Troika: A Poem for the Sochi Winter Olympics

I was recently lucky enough to feature on Jude Cowan Montague and Rob Edwards' Resonance FM show The News Agents (you can listen to the recording here). Mark Waldron and I were asked to create new poetry in response to specific news events. Mark can be heard reading his excellent piece on  North Korean photo censorship via the above link.

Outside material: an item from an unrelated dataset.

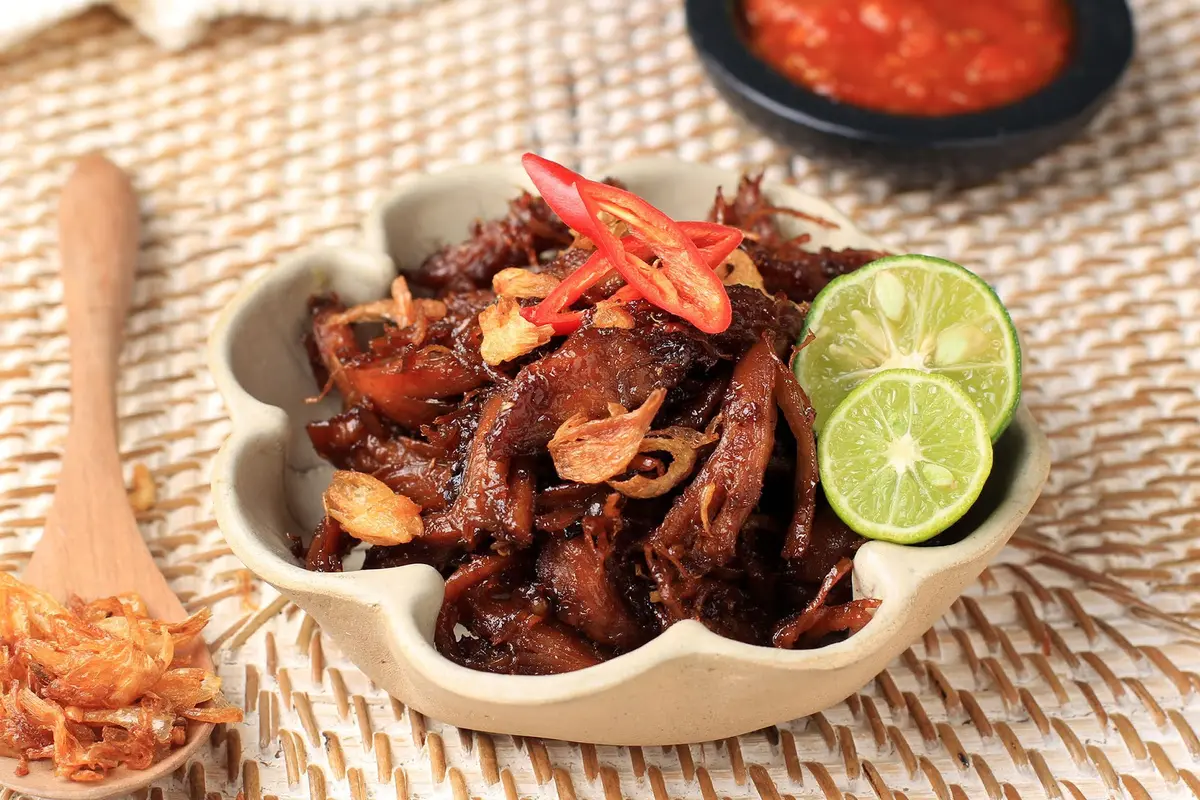 ayam suwir manis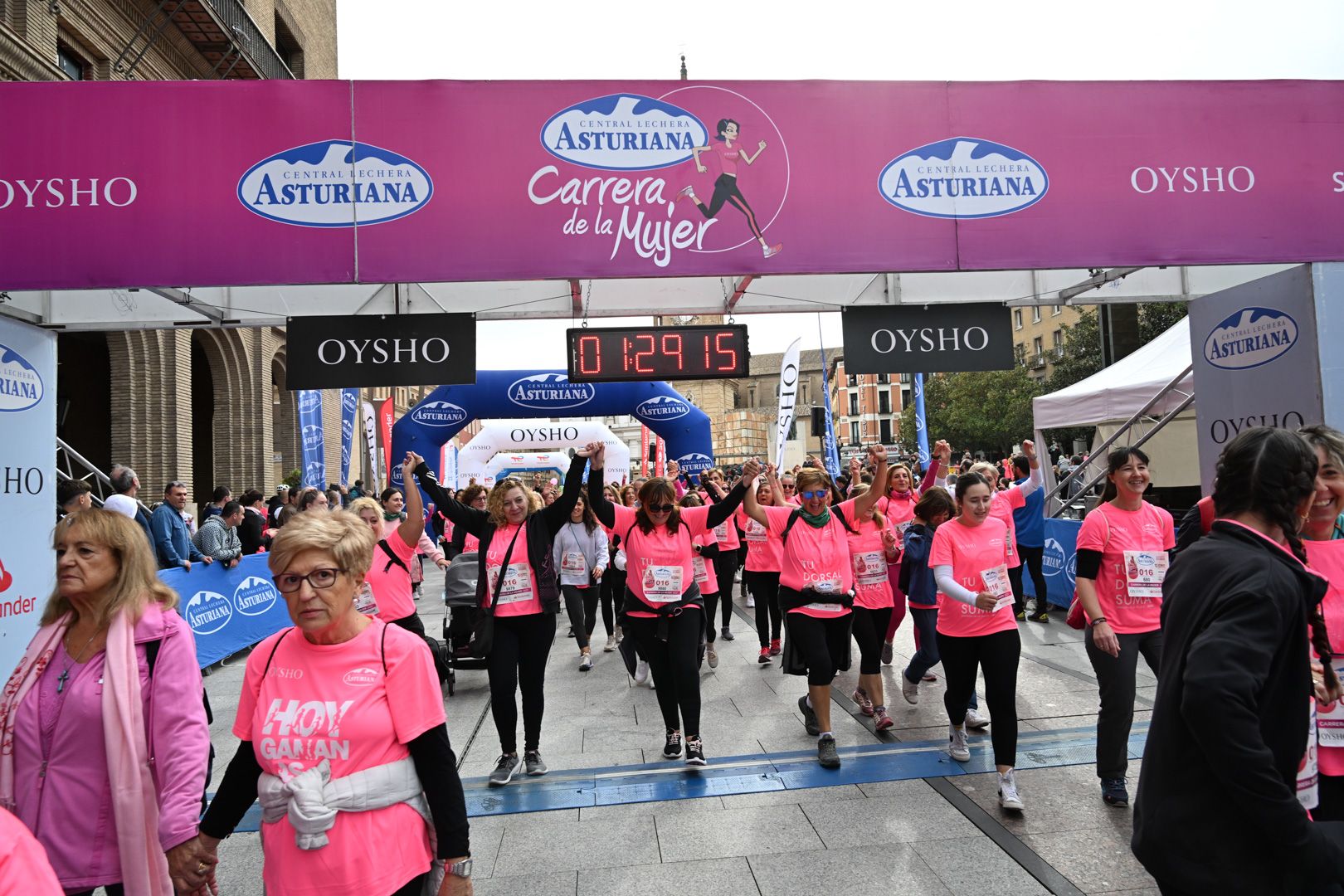 Todas las fotos de la Carrera de la Mujer de Zaragoza 2023. 8621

I wrote in response to the Russian gay 'propaganda' laws in the run-up to the Sochi Winter Olymics, which begins today. In particular, I focused on the entrapment, kidnapping and videoed torture of gay Russians, which has escalated since the law was passed. You can hear me reading it on the show, and here's the poem in readable form. I recommend following English PEN for updates on the campaign to repeal this law.



Troika

A scared boy before the video camera:
all Vasilisa, broomed into the woods
to fetch a light. To tell Mother Russia
what he likes. They say, tell them
what you like. And his face is burning,
is a landscape of purple mountains.
And his ribs are raw, and he says, Russia,
you may as well kill me.
Or he may as well have done.

Or this one, dragged into a van
and sped out by a would-be hookup
who turns, in the dark and the rumble of traffic,
into a six-armed, hard-handed insect;
is legion; is painting him
blue, white and bloody; is beating him
hard like a balalaika; is smiling and waving;
saluting the morning;
is forcing him open
with a bottle and a bat.

Or this one. Or this one.
Naked on their knees
or gagged with a watermelon,
shaved, doused in urine.
What the state does not allow
they do not do. And it is
all for the children.
For Russia. So see him
admitting his devilry,
rainbowed in bruising; made to
brandish a dildo like a slow-dying torch.